Los espectadores cubanos pudieron ver por primera vez cine de Grigori Chujrai (La balada del soldado), Mijail Kalatozov (Cuando vuelan las cigüeñas y La carta que no se envió), Andrzej Munk (Heroica), Otakar Vavra (La barricada silenciosa), Jerzy Kawalerowicz (El tren nocturno), Jiri Weiss (Romeo y Julieta en las tinieblas), Jindrich Polák (La quinta sección), Frank Beyer (Cinco casquillos), Jiří Trnka (Sueño de una noche de verano). Recuerdo que fue el año de Hiroshima mon amour (Alain Resnais), En el umbral de la vida y La noche de los titiriteros (Ingmar Bergman), Los desarraigados (Gilberto Gazcón), Los amantes de Montparnasse (Jacques Becker), Escupiré sobre sus tumbas (Michel Gast), La aventura (Michelangelo Antonioni), Moderato Cantabile (Peter Brooks), El rojo y el negro (Claude Autant-Lara), La gran guerra (Mario Monicelli), Honorables delincuentes (Basil Dearden), El general de la Rovere (Roberto Rossellini). Esa era la cartelera en los cines de barrio el año en que Fidel les dijo a los artistas e intelectuales: “Dentro de la Revolución todo; contra la Revolución, nada”.

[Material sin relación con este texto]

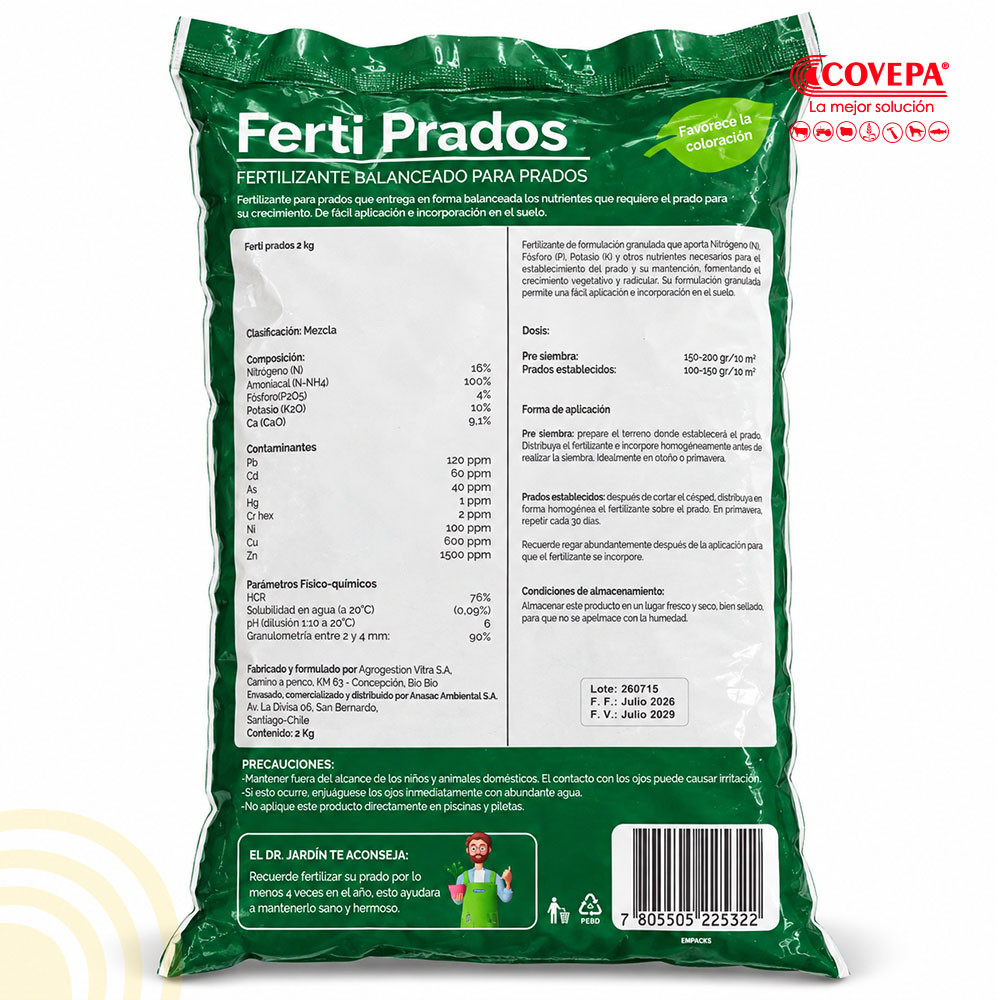Fertilizante para Prados Ferti Prados Anasac 2 kg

¿Escondía esa programación un patrón donde se privilegiaba el cine de los países socialistas? ¿Se había entronizado una política que promovía el realismo socialista? Fueron precisamente las películas exhibidas en 1963 y 1964 las que propiciaron el primer debate público en el campo de la cultura donde se enfrentaron concepciones políticas diametralmente opuestas, dentro del liderazgo revolucionario. Todo aquello aceleró la historia e hizo su tempo más movido; con moto, dirían los músicos.

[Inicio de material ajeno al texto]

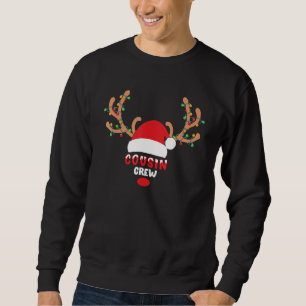 Moletom Cusin Crew Xmas Butiflo Xadrez Red Hat Pajam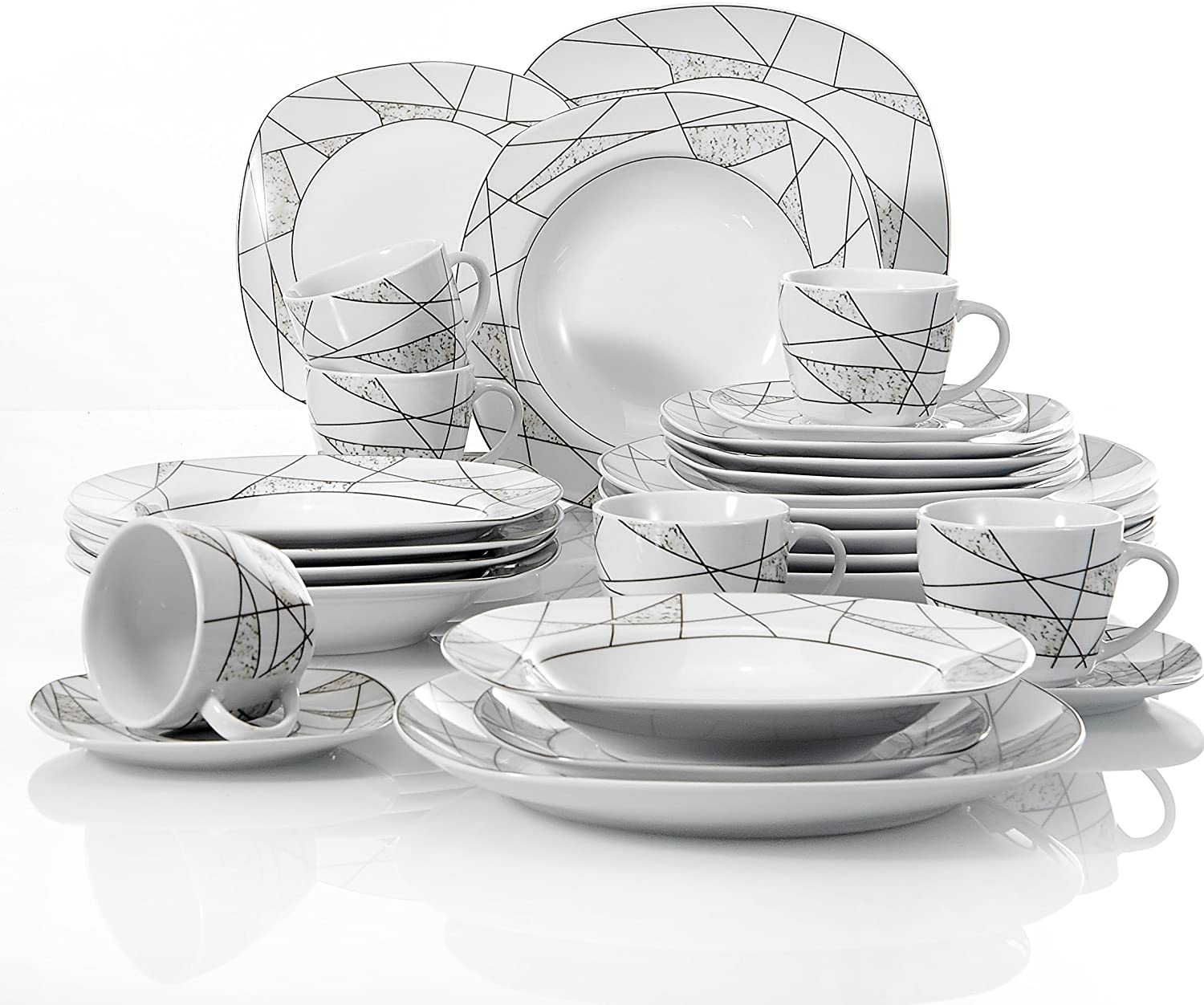 Veweet Serena Series Porcelain Dinner Service 60 Pieces Crockery Set for Restaurant and Family Tableware for 12 People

¿Entonces qué significó, en aquel contexto, la prohibición de un documental que presentaba escenas de la vida nocturna en Regla y la playa de Marianao, donde un grupo de gente se emborrachaba y bailaba hasta altas horas de la madrugada? ¿Era esta obra una expresión de oposición a la Revolución? ¿Sus realizadores provenían de una corriente excluida de las instituciones de la cultura? ¿Marginados o ajenos a la familia revolucionaria? ¿Lo que hoy llamamos “disidentes”? ¿Fue una película que estremeció la conciencia de los que la vieron por la TV? ¿Qué dividió a la mayoría de los artistas y escritores?   

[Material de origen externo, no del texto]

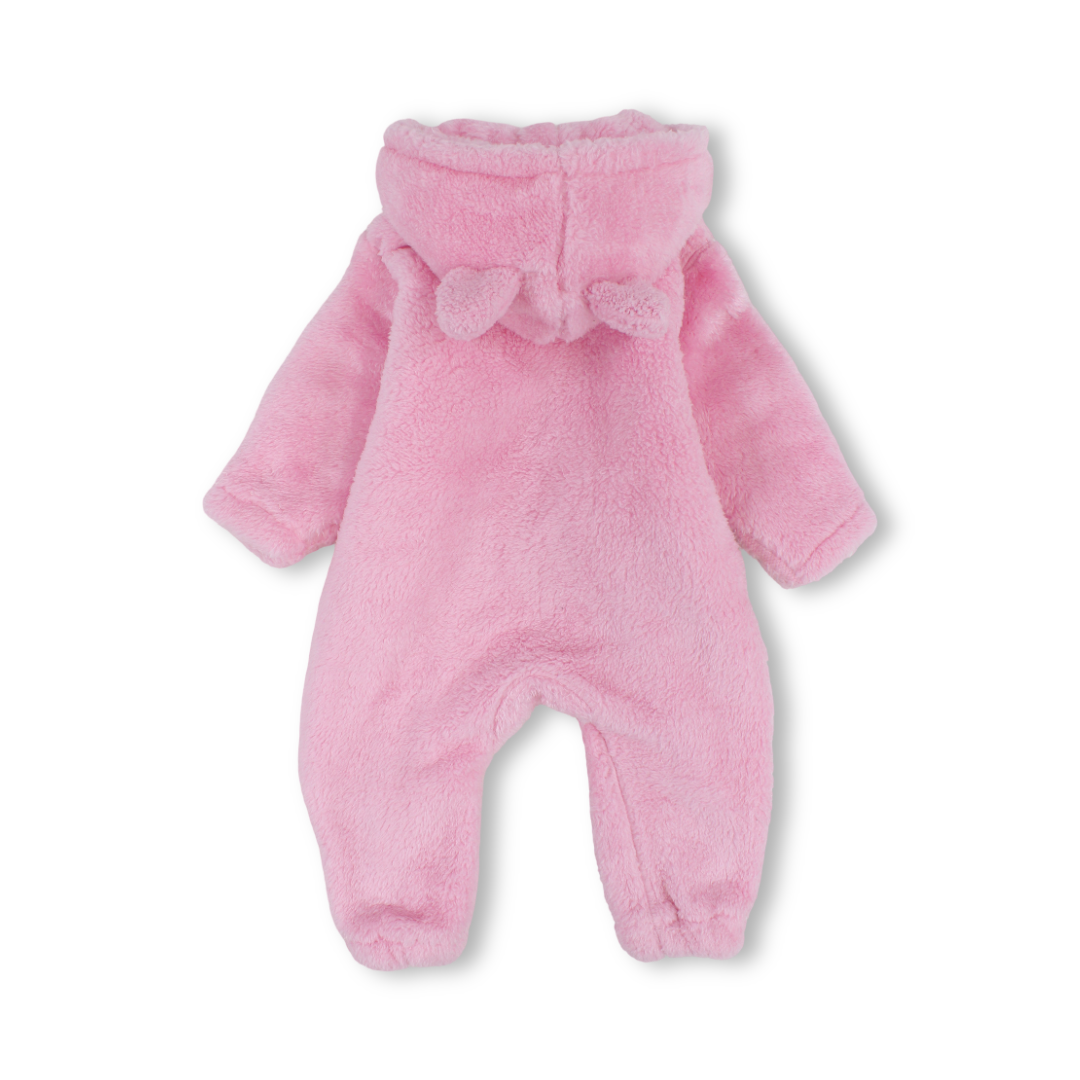 Baby Girls Fleece Hooded Footless Onesie – Pink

Quizás se requeriría una perspectiva más amplia. Acaso, ¿el temor ante la perspectiva de un realismo socialista, contra el que el Che seguiría precaviendo cuatro años después, provenía de un gusto encarnado por ciertos dirigentes de la Cultura que rechazaban la experimentación artística en favor del didactismo; recelaban de estéticas como el arte abstracto, o de sentimientos, como los religiosos? ¿Eran tendencias sectarias que favorecían un tipo de arte y promovían grupos de artistas, entre viejos comunistas? ¿O también entre militantes del propio M-26 en posiciones de poder?

¿Fueron esas las cuestiones que animaron las palabras de Fidel en su diálogo con los artistas en la Biblioteca Nacional, el 30 de junio de 1961? ¿Nada más? Veremos. 

 

Notas:

1 Centro Católico de Orientación Cinematográfica (CCOC), Guía cinematogràfica1959-60, Imprenta Nacional de Cuba, 30 de junio de 1961; María Eulalia Douglas, La tienda negra. El cine en Cuba 1897-1990, Cinemateca de Cuba, 1996; Archivo ICAIC, Estrenos 1961-1983, meca.

2 Ivan Giroud, La Historia en un sobre amarillo. El cine en Cuba (1948-1964), Ed. ICAIC, 2021, p. 346.